My diabetic cat is giving me high blood glucose numbers. As in nearly 400.

After several weeks of staying in the 200s or lower, I had the audacity to think that maybe I'd found the right dose: 1.7 units BID. Not 1.6 units. Not 1.8 units. But 1.7 units.

Now those dreaded high numbers are showing up again. High numbers can mean she's not getting enough insulin. Or high numbers can mean that she's getting too munch insulin. With Isabella, at this dose, I'm guessing that her body has decided it's too much. 1.7 is three tiny drops away from 2.0 units. The only thing that's been consistent about Isabella's diabetes these past months is that 2.0 units is too much. So, when I start getting close to 2 units, I pay very close attention - to the cat and to the numbers.
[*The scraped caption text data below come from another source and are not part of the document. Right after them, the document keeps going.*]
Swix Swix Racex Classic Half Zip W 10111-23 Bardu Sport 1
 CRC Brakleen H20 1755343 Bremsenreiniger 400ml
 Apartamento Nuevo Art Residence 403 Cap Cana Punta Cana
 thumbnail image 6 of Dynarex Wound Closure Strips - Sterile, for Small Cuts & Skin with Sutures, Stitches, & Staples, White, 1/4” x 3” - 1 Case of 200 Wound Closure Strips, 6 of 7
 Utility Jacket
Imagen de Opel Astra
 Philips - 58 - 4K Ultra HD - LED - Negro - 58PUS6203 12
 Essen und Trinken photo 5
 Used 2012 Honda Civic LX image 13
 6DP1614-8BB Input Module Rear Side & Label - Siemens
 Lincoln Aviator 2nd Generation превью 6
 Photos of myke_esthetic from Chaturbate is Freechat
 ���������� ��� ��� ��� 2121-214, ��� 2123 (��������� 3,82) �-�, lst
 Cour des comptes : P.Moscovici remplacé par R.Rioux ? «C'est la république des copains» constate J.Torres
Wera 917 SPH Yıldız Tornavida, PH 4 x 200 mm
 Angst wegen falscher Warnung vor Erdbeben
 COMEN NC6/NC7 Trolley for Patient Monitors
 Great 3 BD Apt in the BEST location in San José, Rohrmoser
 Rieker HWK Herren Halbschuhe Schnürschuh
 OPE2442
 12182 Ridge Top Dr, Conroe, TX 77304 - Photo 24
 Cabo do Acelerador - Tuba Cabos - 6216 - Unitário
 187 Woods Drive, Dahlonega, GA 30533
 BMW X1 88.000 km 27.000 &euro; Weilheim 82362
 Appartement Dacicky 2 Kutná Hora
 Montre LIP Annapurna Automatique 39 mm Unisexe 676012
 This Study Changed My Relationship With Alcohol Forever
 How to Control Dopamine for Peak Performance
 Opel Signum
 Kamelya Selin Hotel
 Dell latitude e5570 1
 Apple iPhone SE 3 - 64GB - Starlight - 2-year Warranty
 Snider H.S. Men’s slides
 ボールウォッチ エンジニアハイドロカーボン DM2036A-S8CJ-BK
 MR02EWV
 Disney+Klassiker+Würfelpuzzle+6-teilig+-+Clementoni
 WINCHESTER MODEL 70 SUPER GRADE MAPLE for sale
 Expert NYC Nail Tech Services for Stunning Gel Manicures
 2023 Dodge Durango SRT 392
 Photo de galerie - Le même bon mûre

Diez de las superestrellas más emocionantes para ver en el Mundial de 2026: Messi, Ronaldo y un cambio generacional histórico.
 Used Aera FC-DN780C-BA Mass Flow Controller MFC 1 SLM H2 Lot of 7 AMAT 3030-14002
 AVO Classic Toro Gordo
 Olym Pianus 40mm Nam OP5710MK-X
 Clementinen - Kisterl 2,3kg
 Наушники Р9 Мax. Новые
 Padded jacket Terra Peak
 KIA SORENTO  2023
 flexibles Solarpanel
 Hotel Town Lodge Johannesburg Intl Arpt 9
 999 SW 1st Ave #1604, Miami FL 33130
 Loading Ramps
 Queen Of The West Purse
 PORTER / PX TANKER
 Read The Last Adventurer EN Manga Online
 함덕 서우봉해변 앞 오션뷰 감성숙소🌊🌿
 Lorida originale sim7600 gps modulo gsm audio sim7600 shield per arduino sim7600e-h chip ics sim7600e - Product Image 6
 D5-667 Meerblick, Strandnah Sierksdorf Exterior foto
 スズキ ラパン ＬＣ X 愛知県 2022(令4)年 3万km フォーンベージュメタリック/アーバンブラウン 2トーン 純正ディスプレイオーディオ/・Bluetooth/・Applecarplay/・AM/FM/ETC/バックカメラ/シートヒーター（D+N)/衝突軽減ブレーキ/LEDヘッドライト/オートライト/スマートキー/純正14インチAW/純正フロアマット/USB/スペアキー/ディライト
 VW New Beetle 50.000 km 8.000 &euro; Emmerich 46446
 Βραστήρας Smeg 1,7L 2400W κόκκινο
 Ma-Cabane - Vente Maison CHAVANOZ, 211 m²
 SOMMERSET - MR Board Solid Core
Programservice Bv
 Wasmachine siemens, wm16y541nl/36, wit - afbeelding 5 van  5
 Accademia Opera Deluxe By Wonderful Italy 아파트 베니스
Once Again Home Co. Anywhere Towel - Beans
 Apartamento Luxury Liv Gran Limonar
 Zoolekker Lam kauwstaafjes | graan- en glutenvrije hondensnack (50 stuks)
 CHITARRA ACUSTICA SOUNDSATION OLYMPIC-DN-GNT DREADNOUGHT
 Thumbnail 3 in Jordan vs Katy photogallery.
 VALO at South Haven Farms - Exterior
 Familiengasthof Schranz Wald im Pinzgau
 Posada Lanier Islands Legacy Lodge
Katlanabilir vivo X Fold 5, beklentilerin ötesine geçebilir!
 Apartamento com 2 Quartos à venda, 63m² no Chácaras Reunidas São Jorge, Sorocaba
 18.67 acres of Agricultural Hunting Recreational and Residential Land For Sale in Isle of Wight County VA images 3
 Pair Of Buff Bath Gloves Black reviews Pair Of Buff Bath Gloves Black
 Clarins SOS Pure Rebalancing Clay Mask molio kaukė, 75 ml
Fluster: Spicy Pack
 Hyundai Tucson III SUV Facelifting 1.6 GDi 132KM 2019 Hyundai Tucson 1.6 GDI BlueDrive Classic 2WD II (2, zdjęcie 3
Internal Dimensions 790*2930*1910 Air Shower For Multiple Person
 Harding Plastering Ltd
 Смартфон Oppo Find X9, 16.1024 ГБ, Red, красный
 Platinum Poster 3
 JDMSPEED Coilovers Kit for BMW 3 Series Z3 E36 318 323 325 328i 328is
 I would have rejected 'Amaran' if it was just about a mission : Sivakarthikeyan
Sigh. I'll give her a half dose this evening. I'll bet that her blood glucose drops like a rock. And I'll bet that if I stick with the smaller dose for any length of time, her numbers will start creeping up and her dose will start creeping up until I'm back to 1.7 units. Where we'll stay until her body decides it's too much.

Around and around and around we go...

Tuesday, May 1, 2007

No Tresspassing?

It was what, two weeks ago, that I blogged about how I get blood from Isabella for her twice-a-day glucose tests?

Well, toss all that out the window, because things have changed. We have a new system now and it’s a lovely thing indeed.

A few weeks ago I started wondering why the folks on the Feline Diabetes Message Board always instruct newbies to poke between the vein and the outer rim of the cat’s ear. It makes sense to avoid the vein (pricking it releases a gusher of blood that’s nearly unstoppable. One shake of the cat’s head … and you’ll be wiping blood from the walls and every other conceivable surface), but why restrict the poke-able area to that tiny 1/8th inch margin? What about the rest of the ear? That whole, juicy part in the middle?

I’ve wielded the lancet freehand this whole time because I can’t accurately aim the lancet-launcher-pen thing at that teeny little margin. And, as I described before, Isabella finds my poking technique to be harsh. So you can understand why I was eyeing the middle of Isabella’s ears like a land-owner might survey an adjoining off-limits property.

Finally, I just asked the question. I posted a message to the Board asking why. Why not use the whole ear? Guess what: no one had an explanation. Not one single response had a reason that was good enough to convince me that it was anything other than “that’s just the way we do it.”

It was as if fences were torn down and the No Trespassing signs burned. I marched into that un-poked territory with great confidence – and – the lancet-launcher thing. Now that I didn’t have to aim so bloody carefully (oooo, that’s a bad pun!), I could use the launcher that Isabella so clearly preferred. No more shrieks from the cat. Blood drops are easily obtained and the whole process now takes about a minute.

I don’t have to wrap her in a blanket. I just plop her on the couch and she sits.

For freehand I was using a fine-tip lancet, the smallest I could find. With the launcher, I moved up to a fatter tip, but Isabella’s discomfort is still dramatically reduced. She flinches a little, but doesn’t move or run away. The whole change is so cool. I’m glad I broke tradition and tore downs those fences.

Only one thing hasn’t changed: I still wear leather gloves. It is, after all, Isabella, she-devil of diabetic cats.